第1図 ホクガード乳剤の病斑形成阻止効果(治療効果)(1995)
供試品種:「モノエースS」、7~8葉期苗、4連制
無処理の平均病斑数:315.1個/葉

予防・治療効果

 ホクガード乳剤のテンサイ褐斑病に対するポット試験による予防および治療効果試験結果を第1表に示した。散布濃度は40、10、2.5、0.63ppmとし、対照剤として予防剤であるマンゼブ水和剤および治療効果の高いカスガマイシン液剤を用い同一濃度で比較した。散布1日後接種の予防効果は極めて高く、90%の防除価を示す散布濃度(EC90)は0.3ppmであり、10ppm散布では発病は認められなかった。一方、接種2日後散布による治療効果も高くEC90は2.2ppm であった。

 テンサイ褐斑病菌は侵入後から発病までの潜伏期間が長く、20℃では12日間程度である。そこで、病菌接種から薬剤散布までの日数と効果について調べた(第1図)。接種後7日目までの1,500倍液(100ppm)散布では、発病はほぼ完全に抑制され、6,000倍液(25ppm)散布においても高い効果が認められた。さらに初発病斑が観察された接種12日後散布でも、100ppm散布で防除価77%、25ppm散布で64%の効果を示し、カスガマイシン液剤の400倍液(50ppm)散布の効果より優る傾向にあった。

第2図 ホクガード乳剤の持続効果(1995)
供試品種:「モノエースS」、7~8葉期苗、4連制
無処理の平均病斑数:100.6個/葉

第3図 ホクガード乳剤の耐雨効果(1995)
供試品種:「モノエースS」、7葉期苗、3連制
無処理の平均病斑数:93.9個/葉

持続効果および耐雨性効果

 持続効果は、薬剤散布したポット苗を病菌接種までの所定期間ガラス温室内で管理し、同じ日に病菌接種した。第2図に結果を示すとおり、1,500倍液(100ppm)散布の効果は、散布3週間後においても効果低下はほとんど認められなかった。6,000倍液(25ppm) 散布では、散布後2週間目以後に効果低下がみられたが、マンゼブ水和剤の500倍液(1,500ppm)散布より高く、残効性に優れた薬剤であると考えられた。一方、降雨に対する影響を調べるため、散布30分後、3時間後に人工降雨装置を用いて30mm/hrの強さの降雨を1時間処理し、風乾後に病菌接種した(第3図)。薬剤散布30分後の降雨では、25ppm散布でも効果の低下は認められず、本剤は降雨の影響を受けにくいと考えられた。

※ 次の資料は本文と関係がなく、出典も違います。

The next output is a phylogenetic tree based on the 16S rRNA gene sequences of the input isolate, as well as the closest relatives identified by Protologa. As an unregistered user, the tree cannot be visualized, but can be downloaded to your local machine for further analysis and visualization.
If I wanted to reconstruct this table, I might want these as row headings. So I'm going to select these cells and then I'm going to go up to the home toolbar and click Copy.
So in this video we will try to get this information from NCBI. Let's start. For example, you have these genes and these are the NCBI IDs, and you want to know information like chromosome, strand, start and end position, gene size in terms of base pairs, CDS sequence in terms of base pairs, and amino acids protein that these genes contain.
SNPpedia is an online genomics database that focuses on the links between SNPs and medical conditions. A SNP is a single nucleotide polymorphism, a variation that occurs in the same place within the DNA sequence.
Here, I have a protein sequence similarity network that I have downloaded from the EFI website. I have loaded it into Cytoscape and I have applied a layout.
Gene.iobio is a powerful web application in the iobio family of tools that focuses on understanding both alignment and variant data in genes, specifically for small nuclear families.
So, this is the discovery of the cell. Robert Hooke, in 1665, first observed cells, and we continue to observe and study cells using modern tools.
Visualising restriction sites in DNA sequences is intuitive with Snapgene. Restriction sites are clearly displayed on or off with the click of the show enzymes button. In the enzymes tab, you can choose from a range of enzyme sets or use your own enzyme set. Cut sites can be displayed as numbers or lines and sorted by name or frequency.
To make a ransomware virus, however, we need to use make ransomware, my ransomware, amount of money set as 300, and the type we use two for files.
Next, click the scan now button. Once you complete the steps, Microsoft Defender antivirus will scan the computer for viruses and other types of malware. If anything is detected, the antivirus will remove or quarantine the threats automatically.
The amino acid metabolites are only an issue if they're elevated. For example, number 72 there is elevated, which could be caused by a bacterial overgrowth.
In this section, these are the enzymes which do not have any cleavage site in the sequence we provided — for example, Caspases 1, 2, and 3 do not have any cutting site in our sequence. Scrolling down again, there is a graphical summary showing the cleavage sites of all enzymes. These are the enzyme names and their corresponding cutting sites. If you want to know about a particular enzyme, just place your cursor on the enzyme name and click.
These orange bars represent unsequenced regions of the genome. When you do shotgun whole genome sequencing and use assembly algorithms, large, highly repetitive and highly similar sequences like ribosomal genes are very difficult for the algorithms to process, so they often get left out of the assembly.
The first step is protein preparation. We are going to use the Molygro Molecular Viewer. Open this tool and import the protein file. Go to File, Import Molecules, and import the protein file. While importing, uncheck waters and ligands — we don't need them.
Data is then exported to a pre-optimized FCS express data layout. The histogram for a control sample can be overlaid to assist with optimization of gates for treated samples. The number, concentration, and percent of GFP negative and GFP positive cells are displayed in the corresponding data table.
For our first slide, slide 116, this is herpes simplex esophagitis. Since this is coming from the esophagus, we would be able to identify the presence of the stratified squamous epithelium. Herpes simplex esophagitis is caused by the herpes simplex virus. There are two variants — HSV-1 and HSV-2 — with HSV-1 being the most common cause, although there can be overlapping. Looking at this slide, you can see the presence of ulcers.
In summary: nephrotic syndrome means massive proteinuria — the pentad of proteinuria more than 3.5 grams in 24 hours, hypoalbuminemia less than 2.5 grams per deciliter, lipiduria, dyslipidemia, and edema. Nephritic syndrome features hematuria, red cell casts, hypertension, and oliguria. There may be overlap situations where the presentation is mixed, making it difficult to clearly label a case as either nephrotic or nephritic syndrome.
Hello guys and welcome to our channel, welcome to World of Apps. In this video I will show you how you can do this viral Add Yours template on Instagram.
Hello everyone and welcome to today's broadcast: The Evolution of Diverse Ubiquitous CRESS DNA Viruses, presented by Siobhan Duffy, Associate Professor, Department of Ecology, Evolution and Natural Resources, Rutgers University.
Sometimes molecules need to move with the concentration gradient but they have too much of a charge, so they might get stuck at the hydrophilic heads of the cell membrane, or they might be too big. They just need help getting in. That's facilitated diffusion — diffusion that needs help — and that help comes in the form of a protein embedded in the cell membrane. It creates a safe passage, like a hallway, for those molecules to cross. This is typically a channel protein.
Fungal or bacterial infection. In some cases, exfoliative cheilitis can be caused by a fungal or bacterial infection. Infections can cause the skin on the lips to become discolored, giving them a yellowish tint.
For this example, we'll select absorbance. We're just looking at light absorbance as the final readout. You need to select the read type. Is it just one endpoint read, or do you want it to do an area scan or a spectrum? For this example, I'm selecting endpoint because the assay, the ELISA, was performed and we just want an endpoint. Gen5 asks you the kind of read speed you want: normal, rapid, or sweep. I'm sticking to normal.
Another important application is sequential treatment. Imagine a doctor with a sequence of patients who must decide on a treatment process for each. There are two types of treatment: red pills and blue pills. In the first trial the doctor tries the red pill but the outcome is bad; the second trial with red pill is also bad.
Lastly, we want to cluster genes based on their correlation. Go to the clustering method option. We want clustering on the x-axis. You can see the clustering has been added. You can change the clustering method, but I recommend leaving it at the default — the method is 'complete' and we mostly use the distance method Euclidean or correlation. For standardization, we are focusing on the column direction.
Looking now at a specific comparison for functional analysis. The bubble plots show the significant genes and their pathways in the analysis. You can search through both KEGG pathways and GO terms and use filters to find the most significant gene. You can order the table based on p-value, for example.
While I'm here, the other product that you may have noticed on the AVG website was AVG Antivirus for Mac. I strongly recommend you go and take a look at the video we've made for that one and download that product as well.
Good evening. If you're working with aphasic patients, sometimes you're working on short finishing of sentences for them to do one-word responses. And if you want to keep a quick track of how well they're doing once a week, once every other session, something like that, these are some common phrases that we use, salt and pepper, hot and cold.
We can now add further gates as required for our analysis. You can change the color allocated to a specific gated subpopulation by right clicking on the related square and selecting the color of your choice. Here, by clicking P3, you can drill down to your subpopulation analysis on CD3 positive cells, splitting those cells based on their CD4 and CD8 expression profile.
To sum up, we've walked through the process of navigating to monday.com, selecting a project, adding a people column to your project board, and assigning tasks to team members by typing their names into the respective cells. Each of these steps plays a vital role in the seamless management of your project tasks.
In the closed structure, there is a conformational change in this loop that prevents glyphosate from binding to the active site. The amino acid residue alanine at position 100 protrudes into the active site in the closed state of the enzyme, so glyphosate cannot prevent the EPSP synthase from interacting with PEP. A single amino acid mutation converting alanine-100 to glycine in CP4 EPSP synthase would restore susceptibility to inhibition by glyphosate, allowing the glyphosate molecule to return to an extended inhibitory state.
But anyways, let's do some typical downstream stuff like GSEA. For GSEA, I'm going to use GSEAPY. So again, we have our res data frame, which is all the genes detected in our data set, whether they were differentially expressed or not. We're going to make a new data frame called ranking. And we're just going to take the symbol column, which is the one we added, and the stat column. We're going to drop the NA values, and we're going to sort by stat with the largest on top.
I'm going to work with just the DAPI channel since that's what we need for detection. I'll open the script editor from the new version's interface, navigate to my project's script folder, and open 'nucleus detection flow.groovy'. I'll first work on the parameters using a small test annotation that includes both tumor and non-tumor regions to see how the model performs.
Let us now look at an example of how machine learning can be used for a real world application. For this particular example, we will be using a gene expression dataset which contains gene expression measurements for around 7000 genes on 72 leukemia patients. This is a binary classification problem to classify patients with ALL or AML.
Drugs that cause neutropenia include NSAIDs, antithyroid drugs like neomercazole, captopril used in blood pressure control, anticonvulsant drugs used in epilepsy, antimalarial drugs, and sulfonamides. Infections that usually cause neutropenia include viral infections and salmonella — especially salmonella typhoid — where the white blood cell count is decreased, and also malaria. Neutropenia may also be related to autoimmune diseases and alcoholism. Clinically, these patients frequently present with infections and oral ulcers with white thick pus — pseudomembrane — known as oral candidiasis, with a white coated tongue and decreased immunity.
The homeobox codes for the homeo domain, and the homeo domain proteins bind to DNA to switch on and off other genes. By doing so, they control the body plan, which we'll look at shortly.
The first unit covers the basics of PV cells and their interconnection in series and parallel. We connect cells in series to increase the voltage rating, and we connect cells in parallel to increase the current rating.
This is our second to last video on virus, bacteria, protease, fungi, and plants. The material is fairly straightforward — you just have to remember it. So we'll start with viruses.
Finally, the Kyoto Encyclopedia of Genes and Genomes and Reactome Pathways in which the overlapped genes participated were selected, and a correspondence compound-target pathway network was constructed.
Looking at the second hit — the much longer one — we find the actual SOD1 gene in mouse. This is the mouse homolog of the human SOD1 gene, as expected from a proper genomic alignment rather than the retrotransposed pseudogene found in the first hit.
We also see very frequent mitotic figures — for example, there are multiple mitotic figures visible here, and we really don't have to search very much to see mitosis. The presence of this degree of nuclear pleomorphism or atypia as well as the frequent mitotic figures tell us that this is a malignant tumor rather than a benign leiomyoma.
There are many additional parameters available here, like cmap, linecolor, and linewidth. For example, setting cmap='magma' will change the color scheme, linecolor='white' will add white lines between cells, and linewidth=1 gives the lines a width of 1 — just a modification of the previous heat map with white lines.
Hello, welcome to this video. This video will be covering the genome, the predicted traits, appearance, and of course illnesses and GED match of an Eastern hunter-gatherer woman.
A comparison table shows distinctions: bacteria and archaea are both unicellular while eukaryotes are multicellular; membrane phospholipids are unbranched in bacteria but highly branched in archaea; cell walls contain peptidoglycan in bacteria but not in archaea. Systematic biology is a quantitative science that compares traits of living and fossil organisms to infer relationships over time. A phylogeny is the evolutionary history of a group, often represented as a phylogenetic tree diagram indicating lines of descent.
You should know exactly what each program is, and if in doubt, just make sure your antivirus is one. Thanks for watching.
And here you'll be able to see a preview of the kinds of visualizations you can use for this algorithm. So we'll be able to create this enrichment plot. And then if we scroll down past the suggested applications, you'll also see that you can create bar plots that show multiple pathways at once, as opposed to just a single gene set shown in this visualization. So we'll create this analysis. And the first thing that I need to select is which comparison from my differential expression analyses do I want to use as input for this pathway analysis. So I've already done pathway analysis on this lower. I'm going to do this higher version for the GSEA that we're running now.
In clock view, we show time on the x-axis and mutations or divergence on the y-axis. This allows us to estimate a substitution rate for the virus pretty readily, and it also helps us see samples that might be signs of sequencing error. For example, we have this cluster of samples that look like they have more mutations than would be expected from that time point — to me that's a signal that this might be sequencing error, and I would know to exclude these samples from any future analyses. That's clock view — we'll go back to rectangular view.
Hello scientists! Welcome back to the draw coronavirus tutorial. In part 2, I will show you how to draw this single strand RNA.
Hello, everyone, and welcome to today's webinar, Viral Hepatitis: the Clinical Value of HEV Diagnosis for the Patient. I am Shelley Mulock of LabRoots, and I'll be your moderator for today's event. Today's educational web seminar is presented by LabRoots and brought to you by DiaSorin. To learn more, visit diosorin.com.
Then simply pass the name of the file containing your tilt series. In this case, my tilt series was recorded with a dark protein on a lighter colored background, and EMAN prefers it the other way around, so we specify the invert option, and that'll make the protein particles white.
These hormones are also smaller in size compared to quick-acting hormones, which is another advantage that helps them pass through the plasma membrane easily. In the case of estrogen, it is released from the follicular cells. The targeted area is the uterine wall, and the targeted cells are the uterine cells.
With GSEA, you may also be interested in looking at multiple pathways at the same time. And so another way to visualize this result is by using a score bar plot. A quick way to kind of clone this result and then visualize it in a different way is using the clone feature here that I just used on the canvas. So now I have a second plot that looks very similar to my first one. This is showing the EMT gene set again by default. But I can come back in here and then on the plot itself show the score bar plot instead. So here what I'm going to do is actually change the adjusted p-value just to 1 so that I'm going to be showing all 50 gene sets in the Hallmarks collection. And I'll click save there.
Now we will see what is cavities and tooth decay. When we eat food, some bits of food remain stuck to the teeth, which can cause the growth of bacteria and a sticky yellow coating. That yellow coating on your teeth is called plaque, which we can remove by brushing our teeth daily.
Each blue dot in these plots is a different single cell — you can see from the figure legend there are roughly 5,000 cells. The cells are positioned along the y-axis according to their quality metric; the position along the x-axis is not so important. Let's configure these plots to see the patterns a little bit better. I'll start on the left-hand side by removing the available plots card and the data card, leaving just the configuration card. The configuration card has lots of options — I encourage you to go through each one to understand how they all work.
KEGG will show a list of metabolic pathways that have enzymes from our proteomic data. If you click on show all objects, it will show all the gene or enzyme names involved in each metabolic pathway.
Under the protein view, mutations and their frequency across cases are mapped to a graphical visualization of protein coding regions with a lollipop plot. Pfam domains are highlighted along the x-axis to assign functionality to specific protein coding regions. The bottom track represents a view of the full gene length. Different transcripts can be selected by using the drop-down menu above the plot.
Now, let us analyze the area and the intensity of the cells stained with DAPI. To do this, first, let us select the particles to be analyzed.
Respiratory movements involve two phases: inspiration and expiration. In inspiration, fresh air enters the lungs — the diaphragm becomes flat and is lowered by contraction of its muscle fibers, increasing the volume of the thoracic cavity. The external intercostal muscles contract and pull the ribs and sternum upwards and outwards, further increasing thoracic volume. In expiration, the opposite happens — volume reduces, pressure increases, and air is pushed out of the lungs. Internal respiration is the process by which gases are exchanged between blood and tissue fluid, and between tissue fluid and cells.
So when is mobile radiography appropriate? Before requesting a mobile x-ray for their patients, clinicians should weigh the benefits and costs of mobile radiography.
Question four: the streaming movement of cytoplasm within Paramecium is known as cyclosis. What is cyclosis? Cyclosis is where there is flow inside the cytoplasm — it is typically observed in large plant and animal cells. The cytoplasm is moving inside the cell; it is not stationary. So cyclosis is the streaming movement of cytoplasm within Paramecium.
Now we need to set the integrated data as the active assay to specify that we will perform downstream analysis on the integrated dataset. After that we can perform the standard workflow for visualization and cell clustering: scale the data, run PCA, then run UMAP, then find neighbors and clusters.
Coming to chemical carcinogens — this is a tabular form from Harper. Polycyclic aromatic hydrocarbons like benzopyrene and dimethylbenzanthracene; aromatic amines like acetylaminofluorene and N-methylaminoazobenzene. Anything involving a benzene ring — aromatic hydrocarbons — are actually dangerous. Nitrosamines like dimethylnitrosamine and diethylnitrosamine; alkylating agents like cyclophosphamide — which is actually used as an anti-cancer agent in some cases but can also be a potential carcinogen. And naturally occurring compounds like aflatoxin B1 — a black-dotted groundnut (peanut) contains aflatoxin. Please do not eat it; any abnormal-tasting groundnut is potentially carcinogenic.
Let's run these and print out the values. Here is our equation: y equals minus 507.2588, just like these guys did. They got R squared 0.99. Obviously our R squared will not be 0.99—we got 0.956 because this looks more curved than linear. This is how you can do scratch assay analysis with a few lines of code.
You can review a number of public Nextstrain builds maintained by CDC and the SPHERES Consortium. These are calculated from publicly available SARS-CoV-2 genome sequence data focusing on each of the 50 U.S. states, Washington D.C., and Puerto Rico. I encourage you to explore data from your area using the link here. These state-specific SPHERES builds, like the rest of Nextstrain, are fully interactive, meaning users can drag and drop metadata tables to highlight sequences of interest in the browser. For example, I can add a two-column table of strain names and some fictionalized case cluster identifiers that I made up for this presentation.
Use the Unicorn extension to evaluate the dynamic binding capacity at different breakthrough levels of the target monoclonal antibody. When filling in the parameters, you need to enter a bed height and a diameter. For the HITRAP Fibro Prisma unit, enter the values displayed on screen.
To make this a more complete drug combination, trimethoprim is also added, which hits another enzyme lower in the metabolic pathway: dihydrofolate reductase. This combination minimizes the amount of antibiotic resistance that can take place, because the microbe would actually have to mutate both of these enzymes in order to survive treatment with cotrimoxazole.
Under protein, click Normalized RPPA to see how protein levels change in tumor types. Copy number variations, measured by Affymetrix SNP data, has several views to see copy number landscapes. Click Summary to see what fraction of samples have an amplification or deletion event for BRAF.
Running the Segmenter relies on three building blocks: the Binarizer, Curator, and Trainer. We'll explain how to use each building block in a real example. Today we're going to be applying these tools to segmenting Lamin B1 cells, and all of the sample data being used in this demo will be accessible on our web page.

 以上述べてきたように、ホクガード乳剤の散布適期幅は広く、予防・治療効果に加え、残効性、耐雨性に優れ、感染後期の散布による病斑形成阻止効果も高いことが明らかとなった。

ガス効果

 本剤のガス効果の有無について、まずin vitroのシャーレ試験で調べた。すなわち、直径9cmシャーレを用い、バレイショ寒天培地上にテンサイ褐斑病菌の菌叢片を植菌し、シャーレ蓋裏側に有効成分量で1,000μgの薬剤を含浸させたろ紙を張り付け、菌叢と接触しない状態で24℃4日間培養後、菌叢生育程度を調査した。その結果、菌叢生育はほぼ完全に阻止され、ガス効果を有することが確認された。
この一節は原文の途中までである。